Task brief =
Transcribe the records below exactly as written, from the opening line through the line that contains "Color Test 3d".

The data =
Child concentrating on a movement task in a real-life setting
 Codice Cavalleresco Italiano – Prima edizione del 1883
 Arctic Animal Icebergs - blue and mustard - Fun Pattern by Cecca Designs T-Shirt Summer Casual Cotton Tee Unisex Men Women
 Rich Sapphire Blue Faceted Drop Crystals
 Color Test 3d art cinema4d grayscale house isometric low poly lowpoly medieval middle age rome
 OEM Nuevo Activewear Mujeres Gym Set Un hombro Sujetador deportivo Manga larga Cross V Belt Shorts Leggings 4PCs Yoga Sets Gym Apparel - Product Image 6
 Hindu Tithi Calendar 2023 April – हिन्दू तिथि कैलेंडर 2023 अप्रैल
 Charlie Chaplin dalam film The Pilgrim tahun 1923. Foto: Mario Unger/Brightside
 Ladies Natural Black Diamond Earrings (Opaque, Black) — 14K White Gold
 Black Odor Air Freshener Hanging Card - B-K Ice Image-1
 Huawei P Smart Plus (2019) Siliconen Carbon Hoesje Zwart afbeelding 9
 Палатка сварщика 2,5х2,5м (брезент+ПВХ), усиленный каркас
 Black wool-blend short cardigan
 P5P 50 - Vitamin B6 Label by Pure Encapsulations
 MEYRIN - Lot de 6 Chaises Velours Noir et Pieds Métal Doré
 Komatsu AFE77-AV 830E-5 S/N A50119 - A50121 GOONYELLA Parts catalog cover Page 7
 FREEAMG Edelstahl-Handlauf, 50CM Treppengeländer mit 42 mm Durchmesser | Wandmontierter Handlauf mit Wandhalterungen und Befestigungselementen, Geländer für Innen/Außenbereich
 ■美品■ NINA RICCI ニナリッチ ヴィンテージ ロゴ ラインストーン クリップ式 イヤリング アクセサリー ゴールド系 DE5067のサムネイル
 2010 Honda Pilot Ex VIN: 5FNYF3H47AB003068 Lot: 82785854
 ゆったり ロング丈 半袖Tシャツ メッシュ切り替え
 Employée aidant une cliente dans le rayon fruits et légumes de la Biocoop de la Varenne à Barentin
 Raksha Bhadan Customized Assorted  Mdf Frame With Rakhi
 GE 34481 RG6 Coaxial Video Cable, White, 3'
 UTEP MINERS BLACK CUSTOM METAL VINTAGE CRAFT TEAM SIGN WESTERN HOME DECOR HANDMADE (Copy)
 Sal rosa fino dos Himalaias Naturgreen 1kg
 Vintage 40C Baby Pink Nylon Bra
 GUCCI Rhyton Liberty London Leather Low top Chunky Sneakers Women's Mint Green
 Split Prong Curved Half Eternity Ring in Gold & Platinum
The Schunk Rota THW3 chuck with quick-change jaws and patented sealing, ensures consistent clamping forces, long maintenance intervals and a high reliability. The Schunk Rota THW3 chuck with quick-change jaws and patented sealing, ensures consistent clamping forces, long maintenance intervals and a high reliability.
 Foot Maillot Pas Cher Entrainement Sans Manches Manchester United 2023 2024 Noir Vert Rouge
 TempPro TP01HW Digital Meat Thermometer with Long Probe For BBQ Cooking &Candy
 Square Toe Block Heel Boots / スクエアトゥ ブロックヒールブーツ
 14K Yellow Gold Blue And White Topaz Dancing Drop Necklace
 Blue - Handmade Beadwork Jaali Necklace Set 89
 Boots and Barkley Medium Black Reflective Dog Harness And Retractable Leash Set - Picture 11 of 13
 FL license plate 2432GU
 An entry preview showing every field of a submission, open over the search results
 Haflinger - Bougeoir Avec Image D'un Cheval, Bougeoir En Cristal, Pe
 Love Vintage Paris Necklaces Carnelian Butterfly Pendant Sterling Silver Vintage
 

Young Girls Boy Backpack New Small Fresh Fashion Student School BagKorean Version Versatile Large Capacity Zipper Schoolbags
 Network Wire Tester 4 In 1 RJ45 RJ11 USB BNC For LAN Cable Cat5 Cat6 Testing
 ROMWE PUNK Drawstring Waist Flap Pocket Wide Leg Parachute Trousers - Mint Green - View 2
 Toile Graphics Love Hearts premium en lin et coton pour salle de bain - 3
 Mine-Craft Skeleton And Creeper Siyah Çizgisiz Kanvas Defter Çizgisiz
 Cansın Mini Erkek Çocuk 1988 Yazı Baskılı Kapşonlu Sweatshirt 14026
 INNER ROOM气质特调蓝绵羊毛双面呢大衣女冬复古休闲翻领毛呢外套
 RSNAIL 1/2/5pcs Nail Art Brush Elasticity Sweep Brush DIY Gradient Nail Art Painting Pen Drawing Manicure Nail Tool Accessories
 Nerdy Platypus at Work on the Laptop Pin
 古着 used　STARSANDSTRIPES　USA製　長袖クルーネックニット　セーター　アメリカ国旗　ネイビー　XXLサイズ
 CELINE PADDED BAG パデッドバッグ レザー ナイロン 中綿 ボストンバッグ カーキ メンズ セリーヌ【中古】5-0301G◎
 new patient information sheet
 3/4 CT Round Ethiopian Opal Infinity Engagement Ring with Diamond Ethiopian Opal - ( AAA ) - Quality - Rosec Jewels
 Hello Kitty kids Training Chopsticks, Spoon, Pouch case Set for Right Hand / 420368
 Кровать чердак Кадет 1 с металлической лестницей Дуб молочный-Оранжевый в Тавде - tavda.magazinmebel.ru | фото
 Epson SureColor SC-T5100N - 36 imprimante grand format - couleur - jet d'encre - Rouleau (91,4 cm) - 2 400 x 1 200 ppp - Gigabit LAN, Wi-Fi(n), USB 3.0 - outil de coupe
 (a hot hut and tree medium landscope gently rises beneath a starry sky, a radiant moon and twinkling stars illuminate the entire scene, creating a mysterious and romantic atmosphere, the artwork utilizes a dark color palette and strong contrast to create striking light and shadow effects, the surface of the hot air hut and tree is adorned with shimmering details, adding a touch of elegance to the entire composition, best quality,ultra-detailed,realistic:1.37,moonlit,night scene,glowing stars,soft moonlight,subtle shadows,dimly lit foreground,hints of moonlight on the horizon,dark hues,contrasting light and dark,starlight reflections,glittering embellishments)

Written solution =
Child concentrating on a movement task in a real-life setting
 Codice Cavalleresco Italiano – Prima edizione del 1883
 Arctic Animal Icebergs - blue and mustard - Fun Pattern by Cecca Designs T-Shirt Summer Casual Cotton Tee Unisex Men Women
 Rich Sapphire Blue Faceted Drop Crystals
 Color Test 3d art cinema4d grayscale house isometric low poly lowpoly medieval middle age rome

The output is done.